Plasmon mode modifies the elastic response of a nanoscale charge density wave system

TL;DR

This study investigates how plasmon modes influence the elastic properties of nanoscale NbSe3 charge density wave systems, revealing significant modifications near the phase transition due to phonon-plasmon interactions.

Contribution

It demonstrates the impact of plasmon-phonon coupling on nanomechanical properties in charge density wave systems at nanoscale dimensions.

Findings

Resonant frequency of 10-100 MHz in nanowires.

Sharp peak in elastic modulus at CDW transition.

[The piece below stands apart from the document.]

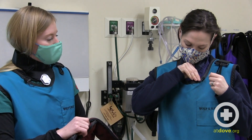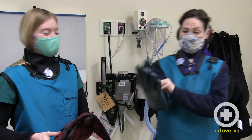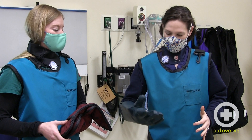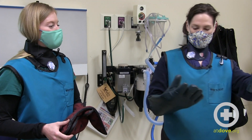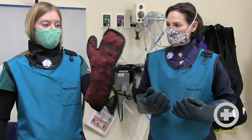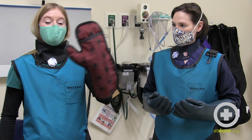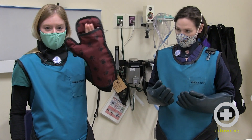Jess has another variety of gloves here — one that has fingers in it. This is personal preference, whether you like the finger gloves or the mitten gloves. I personally like the mitten gloves better. Remember that when you're actually taking the radiograph, your fingers need to be completely concealed inside that lead-lined glove. No cancer fingers.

Elastic modulus changes by 12.8% in the CDW phase.

Abstract

The elastic response of suspended NbSe3 nanowires is studied across the charge density wave phase transition. The nanoscale dimensions of the resonator lead to a large resonant frequency (10-100 MHz), bringing the excited phonon frequency in close proximity of the plasmon mode of the electronic condensate - a parameter window not accessible in bulk systems. The interaction between the phonon and plasmon modes strongly modifies the elastic properties at high frequencies. This is manifested in the nanomechanics of the system as a sharp peak in the temperature dependence of the elastic modulus (relative change of 12.8%) in the charge density wave phase.